This isn’t the best time to buy a new car. Depending on the make and model, prices are up, selection is down, and there are fewer incentives from manufacturers. All the more reasons to make sure that you make the best deal possible.
One of the biggest mistakes car buyers make is to pay attention to only the selling price. It’s true that negotiating a lower selling price can literally save you thousands of dollars. However, there are two other price points to watch out for: the trade value and the interest rate on your loan. If you pay too much for either one of these, you run the risk of paying more than you should on the overall deal. It can also cost you more than what you may have saved by negotiating a great deal on the selling price.
First basic rule: pre-negotiate all aspects of the car deal before you walk into the dealership. The easiest to pre-negotiate is the selling price. Begin on the Internet to find out the Manufacturer’s Suggested Retail Price (MSRP), the dealer’s invoice cost, the dealer’s actual cost, and what other consumers are paying for the same car in your area.
The easiest place to begin is at the top of this page. Click on “New Cars” and follow the links to the vehicle you want, then pricing. You’ll find all the information you need.
One of the current bright spots when buying a new car is the value you stand to receive for your trade.

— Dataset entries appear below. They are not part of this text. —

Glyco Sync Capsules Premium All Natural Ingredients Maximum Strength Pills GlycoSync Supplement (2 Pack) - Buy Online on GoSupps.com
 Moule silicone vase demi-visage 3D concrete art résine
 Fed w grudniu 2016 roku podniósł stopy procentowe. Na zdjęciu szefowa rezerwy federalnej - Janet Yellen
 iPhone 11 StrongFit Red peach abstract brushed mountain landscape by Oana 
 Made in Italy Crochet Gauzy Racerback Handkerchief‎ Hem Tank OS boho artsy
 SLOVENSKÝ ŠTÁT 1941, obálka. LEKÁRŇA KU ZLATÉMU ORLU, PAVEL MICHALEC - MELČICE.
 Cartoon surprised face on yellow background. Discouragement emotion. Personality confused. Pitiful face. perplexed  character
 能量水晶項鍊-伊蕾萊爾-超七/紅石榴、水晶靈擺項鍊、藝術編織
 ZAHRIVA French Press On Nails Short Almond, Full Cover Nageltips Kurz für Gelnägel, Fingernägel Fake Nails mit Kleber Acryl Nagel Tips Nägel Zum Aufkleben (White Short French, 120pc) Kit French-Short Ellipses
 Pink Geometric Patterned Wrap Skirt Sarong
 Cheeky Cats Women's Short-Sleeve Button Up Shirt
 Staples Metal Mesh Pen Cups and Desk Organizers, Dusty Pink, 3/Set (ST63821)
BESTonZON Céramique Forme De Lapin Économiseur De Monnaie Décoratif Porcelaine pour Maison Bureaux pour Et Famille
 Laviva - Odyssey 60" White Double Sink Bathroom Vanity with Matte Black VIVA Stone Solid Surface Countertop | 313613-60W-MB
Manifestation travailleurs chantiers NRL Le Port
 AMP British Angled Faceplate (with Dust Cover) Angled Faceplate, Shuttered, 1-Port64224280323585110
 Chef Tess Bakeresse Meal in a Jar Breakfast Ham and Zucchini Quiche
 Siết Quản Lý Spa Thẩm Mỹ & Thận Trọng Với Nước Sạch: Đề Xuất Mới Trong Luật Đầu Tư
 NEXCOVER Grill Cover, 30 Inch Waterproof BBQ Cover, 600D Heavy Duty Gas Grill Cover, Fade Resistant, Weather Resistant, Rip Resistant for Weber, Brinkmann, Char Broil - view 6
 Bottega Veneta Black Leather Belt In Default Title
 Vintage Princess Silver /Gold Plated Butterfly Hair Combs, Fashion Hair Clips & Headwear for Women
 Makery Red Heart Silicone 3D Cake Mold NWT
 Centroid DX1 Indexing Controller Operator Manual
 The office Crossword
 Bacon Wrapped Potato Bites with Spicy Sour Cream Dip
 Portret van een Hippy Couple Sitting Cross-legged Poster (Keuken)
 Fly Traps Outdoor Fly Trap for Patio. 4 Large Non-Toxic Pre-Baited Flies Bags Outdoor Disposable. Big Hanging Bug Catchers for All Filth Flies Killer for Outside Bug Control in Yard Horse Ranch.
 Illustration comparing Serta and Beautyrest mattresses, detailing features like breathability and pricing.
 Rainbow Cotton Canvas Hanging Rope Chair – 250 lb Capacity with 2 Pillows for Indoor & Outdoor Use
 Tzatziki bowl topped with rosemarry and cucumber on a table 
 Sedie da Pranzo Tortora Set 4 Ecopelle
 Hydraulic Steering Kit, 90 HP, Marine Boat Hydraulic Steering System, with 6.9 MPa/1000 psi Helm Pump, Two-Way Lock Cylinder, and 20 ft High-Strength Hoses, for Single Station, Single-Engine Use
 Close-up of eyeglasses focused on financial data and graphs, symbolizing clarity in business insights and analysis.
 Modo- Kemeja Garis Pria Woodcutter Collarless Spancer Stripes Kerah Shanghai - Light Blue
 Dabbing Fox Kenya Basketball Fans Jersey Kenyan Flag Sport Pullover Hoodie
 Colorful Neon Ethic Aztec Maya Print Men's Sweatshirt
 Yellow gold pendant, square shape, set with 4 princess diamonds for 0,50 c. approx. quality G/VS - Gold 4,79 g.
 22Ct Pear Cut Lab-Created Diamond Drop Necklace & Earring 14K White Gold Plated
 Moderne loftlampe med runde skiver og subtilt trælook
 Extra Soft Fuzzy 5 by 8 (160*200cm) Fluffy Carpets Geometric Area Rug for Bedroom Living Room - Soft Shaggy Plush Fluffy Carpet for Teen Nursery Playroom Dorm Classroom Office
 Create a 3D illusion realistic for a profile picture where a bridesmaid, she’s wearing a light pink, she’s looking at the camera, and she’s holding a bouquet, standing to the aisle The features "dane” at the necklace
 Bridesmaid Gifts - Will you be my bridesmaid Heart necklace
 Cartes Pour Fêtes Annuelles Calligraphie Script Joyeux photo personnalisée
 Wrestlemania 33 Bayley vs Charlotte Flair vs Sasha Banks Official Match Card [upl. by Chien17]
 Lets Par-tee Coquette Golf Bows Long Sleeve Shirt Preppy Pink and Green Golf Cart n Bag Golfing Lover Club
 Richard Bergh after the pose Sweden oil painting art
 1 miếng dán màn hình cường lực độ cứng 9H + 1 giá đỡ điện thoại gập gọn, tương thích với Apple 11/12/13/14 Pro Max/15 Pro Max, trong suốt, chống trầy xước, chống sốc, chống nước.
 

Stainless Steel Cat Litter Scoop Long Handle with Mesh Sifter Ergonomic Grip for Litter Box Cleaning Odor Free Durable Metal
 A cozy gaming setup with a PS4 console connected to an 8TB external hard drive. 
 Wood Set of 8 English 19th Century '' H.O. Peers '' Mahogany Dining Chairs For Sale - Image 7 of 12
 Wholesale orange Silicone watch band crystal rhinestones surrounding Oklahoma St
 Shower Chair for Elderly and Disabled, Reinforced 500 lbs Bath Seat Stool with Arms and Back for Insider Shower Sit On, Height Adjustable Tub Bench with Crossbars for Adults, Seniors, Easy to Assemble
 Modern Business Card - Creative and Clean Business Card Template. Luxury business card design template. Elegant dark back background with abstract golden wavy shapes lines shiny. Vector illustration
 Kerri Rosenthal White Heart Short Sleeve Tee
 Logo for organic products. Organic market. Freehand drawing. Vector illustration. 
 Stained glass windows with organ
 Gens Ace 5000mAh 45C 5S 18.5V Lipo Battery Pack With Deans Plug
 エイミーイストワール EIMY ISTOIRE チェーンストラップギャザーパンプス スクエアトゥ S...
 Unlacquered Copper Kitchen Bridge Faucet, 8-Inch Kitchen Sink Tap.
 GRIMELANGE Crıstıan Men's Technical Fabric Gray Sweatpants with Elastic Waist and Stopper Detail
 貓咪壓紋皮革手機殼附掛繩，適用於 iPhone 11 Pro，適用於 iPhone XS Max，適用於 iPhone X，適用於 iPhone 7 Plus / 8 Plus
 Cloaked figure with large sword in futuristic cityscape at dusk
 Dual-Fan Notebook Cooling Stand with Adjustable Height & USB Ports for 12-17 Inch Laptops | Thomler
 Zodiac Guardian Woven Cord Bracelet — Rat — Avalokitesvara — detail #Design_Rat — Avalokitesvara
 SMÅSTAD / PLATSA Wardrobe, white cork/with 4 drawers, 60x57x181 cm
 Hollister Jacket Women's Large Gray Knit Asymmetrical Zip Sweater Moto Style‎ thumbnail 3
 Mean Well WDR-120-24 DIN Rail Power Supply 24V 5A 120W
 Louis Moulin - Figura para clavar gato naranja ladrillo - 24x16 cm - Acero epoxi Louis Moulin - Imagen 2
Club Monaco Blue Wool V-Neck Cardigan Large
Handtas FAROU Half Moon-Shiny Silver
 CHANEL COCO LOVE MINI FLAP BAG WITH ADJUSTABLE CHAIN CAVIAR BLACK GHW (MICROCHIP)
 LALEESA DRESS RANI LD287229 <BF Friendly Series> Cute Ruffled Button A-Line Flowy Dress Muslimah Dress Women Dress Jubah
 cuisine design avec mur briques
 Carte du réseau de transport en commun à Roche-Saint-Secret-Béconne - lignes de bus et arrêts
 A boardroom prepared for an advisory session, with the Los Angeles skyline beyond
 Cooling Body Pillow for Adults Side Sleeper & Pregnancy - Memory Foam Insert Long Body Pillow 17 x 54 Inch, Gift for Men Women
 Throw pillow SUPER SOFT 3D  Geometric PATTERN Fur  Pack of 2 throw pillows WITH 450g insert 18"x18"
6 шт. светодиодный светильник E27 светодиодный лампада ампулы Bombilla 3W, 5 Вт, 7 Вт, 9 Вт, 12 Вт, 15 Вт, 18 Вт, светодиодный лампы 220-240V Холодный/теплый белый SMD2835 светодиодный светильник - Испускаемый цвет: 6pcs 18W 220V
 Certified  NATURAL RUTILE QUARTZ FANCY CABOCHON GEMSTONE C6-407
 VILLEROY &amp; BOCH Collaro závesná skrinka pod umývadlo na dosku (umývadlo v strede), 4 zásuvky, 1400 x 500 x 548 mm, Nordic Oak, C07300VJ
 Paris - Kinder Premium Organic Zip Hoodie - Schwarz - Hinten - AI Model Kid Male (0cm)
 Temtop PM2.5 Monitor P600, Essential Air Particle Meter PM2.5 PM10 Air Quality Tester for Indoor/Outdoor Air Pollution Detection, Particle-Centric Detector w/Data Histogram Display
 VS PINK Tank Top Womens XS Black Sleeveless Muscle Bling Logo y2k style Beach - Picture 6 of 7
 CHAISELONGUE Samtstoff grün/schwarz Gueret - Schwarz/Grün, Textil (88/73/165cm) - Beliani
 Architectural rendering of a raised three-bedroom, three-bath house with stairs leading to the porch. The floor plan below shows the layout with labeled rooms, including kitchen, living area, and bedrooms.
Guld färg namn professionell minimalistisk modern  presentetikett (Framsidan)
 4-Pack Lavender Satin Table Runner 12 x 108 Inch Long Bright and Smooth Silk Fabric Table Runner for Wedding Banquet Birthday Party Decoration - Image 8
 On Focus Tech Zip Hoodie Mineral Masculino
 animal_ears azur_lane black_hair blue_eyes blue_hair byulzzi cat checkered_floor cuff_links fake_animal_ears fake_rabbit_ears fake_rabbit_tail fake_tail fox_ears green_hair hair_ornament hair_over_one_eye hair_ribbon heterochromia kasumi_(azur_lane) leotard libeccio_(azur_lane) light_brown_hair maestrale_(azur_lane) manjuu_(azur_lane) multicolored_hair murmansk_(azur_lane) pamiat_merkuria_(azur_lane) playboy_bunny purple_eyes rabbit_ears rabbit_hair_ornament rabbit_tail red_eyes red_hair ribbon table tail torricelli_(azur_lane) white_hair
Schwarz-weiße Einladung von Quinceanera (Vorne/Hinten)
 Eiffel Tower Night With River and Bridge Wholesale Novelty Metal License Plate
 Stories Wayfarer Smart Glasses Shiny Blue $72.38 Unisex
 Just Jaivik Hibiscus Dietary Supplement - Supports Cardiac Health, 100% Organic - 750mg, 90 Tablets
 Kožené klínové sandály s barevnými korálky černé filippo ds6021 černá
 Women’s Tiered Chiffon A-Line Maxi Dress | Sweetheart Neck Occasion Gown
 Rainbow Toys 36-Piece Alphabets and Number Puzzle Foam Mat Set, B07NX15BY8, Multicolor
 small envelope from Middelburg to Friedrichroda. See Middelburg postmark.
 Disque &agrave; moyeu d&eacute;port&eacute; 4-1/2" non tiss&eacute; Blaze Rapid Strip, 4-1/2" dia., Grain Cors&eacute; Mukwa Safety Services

Used car prices are at record highs because there is a shortage of good pre-owned vehicles. This means that most dealers are willing to step-up and offer top dollar for trades.
However, you still need to do your homework. Check out what your vehicle should fetch from a dealer. You may need to talk to more than one dealer to make sure you get the price you want.
Loan interest rate
Second basic rule: get pre-approved on your car loan before walking into the dealership. Not everyone realizes that when you apply for a car loan at the dealership, and depending upon individual state regulations, the dealer can add a few points to the interest rate you qualify for. Although this may not seem like a big deal, over the term of a loan—usually 36, 48, 60, or 72 months—the additional cost can add up to a thousand dollars or more.
Knowing your credit score is not enough. Being pre-approved at a bank, credit union, or online lender allows you to know the exact interest rate you qualify for. With that knowledge in hand it’s possible to safely apply for a loan at the dealership. If the dealer won’t match or beat the rate you’ve already received, stay with the pre-negotiated rate.
Savvy car buyers can easily save $1,000 to $2,000 on the selling price of the new vehicle they’re purchasing. However, you can lose that much or more if you don’t successfully negotiate your trade’s value or the interest rate on the car loan.
Also, remember that the best deals are made when you pre-negotiate all three—selling price, trade value, and loan interest rate—prior to walking into the dealership.